### Listed records
--- START ---

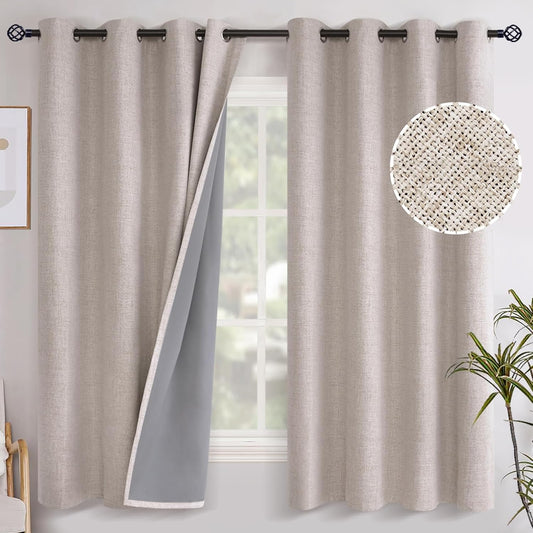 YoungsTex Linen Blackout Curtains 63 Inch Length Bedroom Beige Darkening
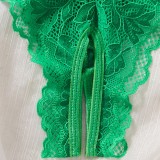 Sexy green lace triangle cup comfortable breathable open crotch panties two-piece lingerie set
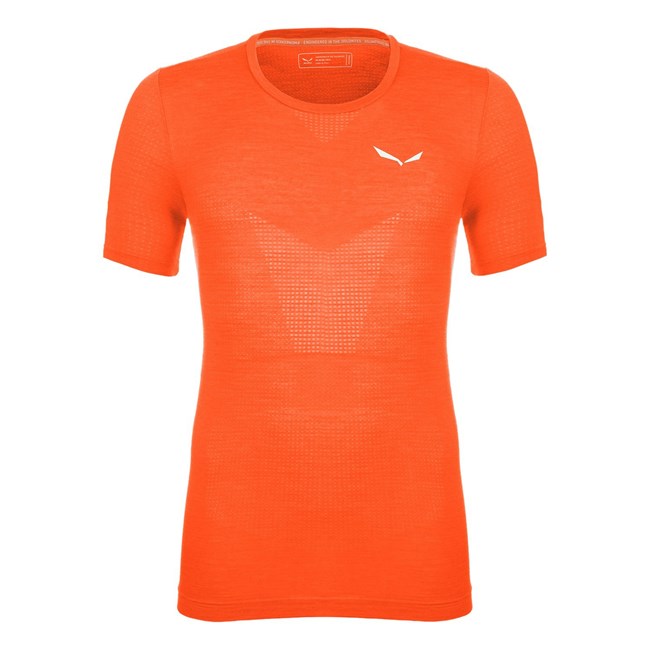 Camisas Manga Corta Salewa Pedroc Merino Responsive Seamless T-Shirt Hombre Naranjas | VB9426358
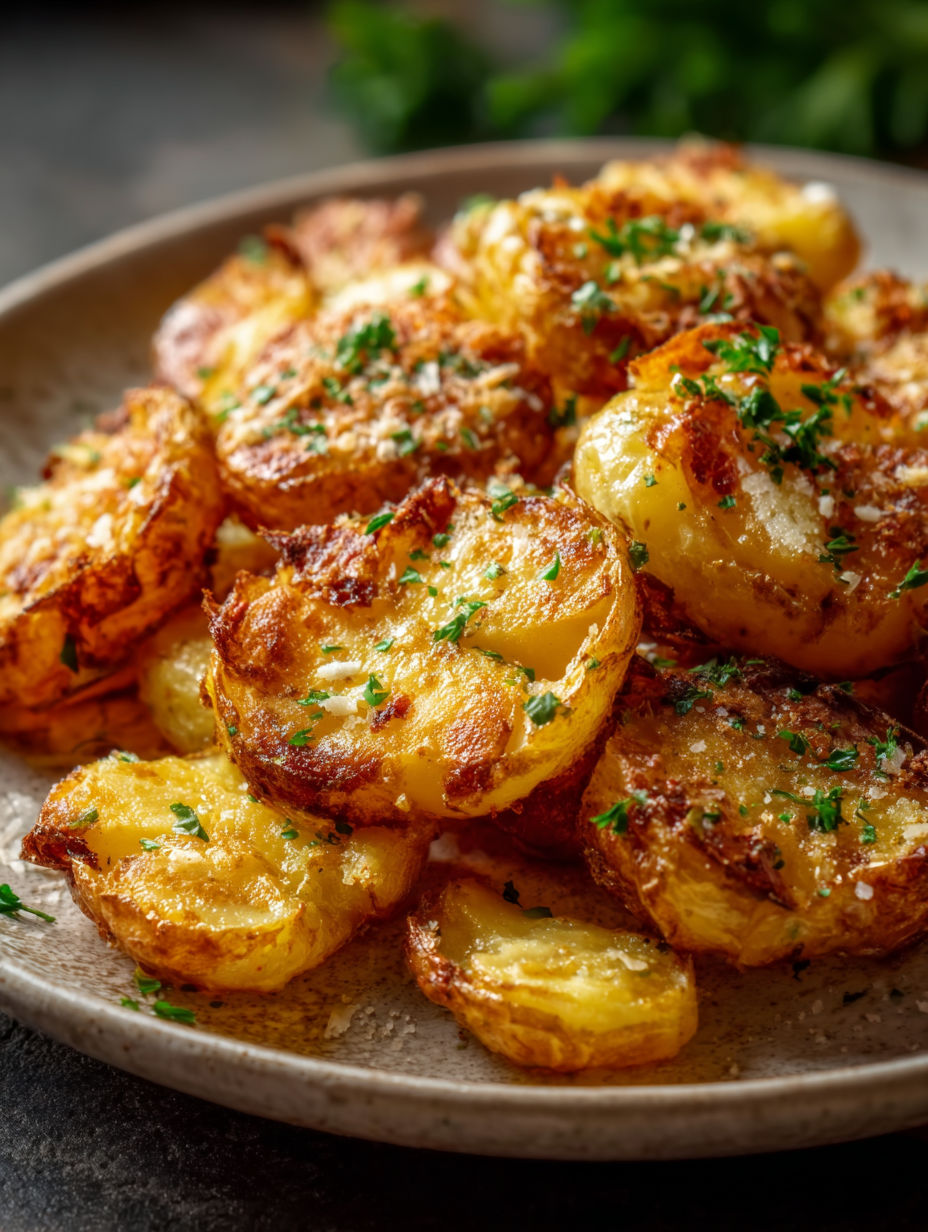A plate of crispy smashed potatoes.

--- END ---
--- START ---

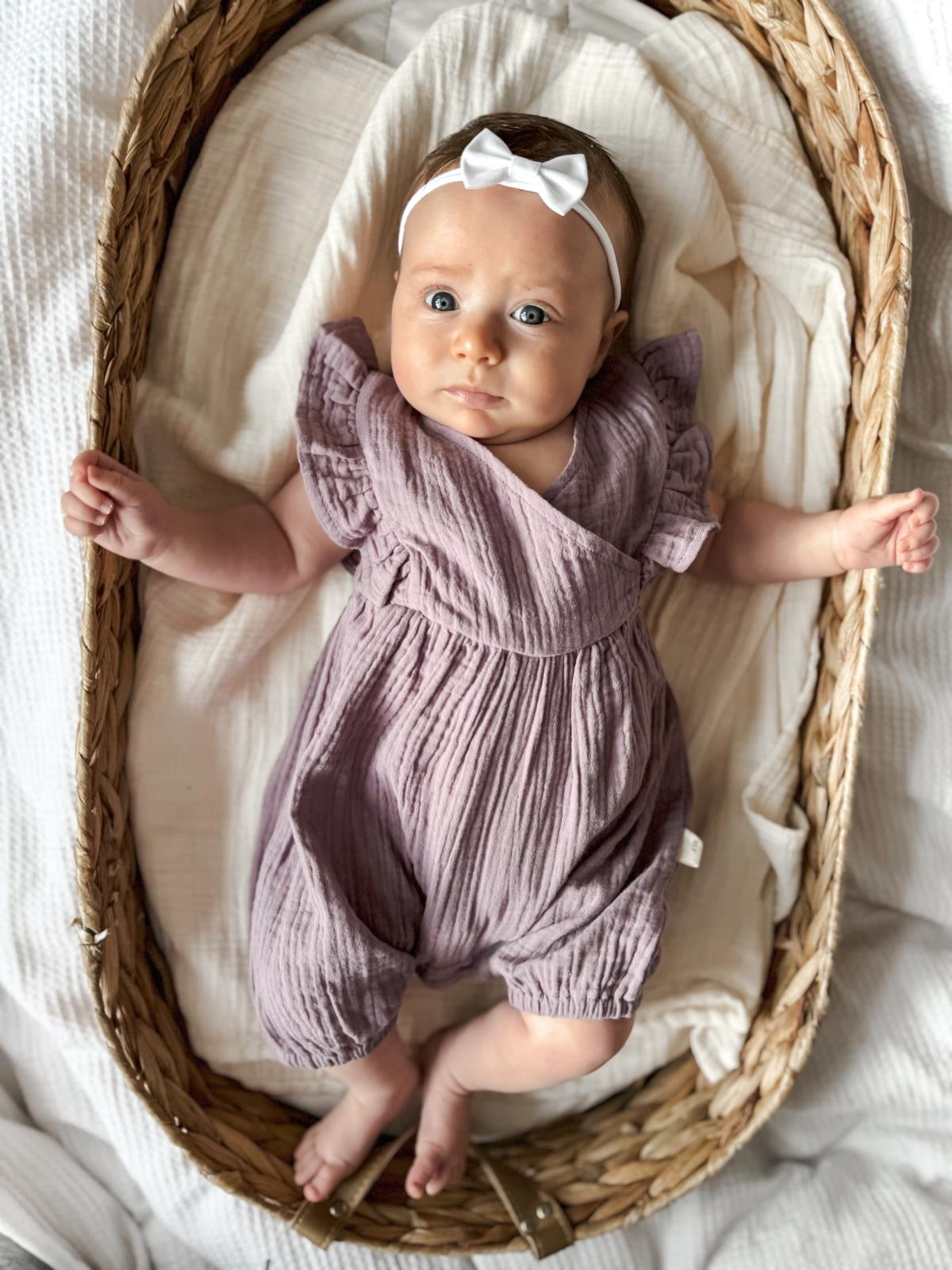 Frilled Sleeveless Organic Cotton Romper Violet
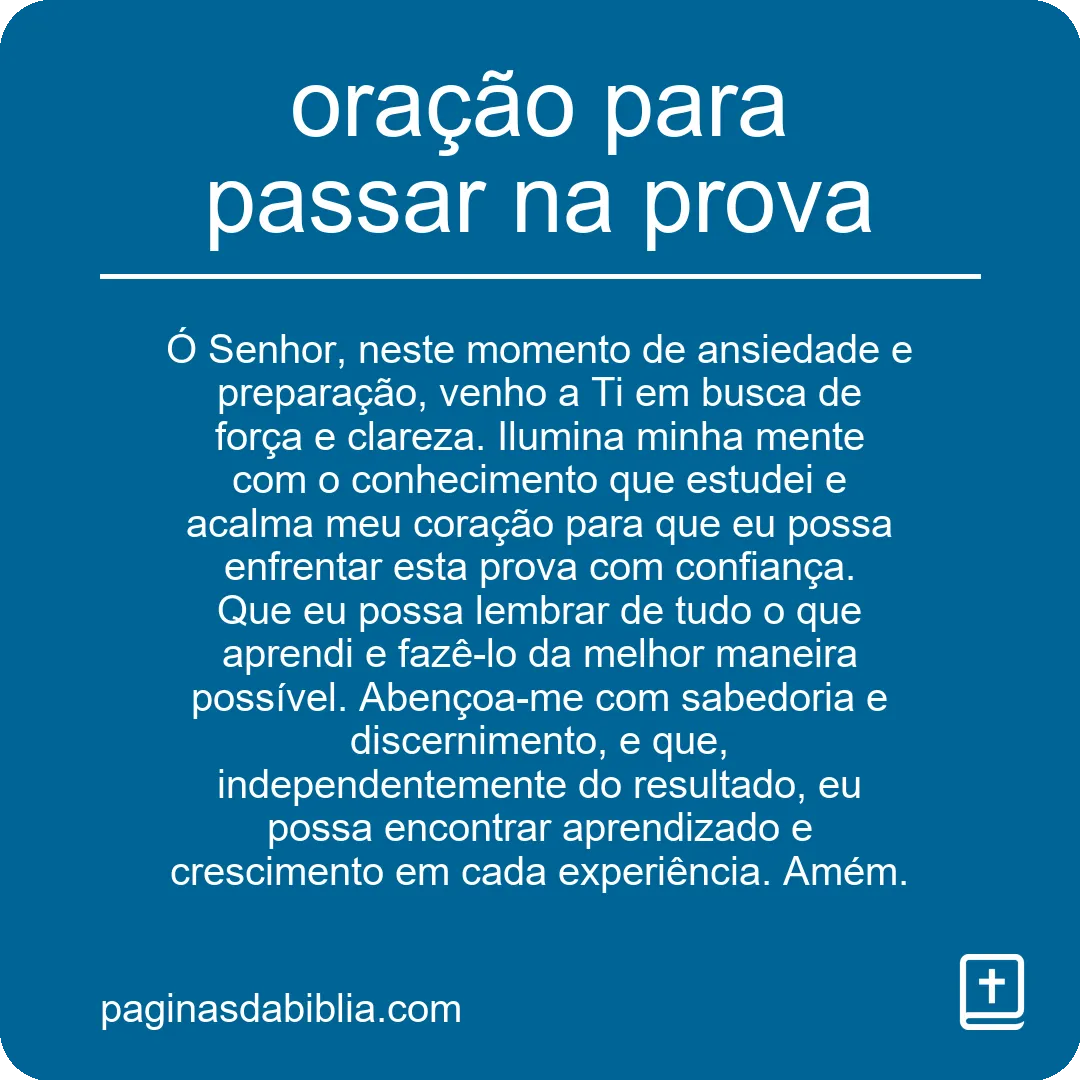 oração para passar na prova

--- END ---
--- START ---

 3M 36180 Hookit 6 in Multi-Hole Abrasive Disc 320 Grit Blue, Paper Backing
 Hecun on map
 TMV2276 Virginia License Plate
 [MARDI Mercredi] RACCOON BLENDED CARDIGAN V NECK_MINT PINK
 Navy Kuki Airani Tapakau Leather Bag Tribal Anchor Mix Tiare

--- END ---

### Problem to work on
Using the entries above, repeat exactly the lines from the one with "YoungsTex Linen Blackout" to the one with "A plate of crispy smashed potatoes.", both included, and leave the pictures behind.

### Task solution
 YoungsTex Linen Blackout Curtains 63 Inch Length Bedroom Beige Darkening
 Sexy green lace triangle cup comfortable breathable open crotch panties two-piece lingerie set
 Camisas Manga Corta Salewa Pedroc Merino Responsive Seamless T-Shirt Hombre Naranjas | VB9426358
A plate of crispy smashed potatoes.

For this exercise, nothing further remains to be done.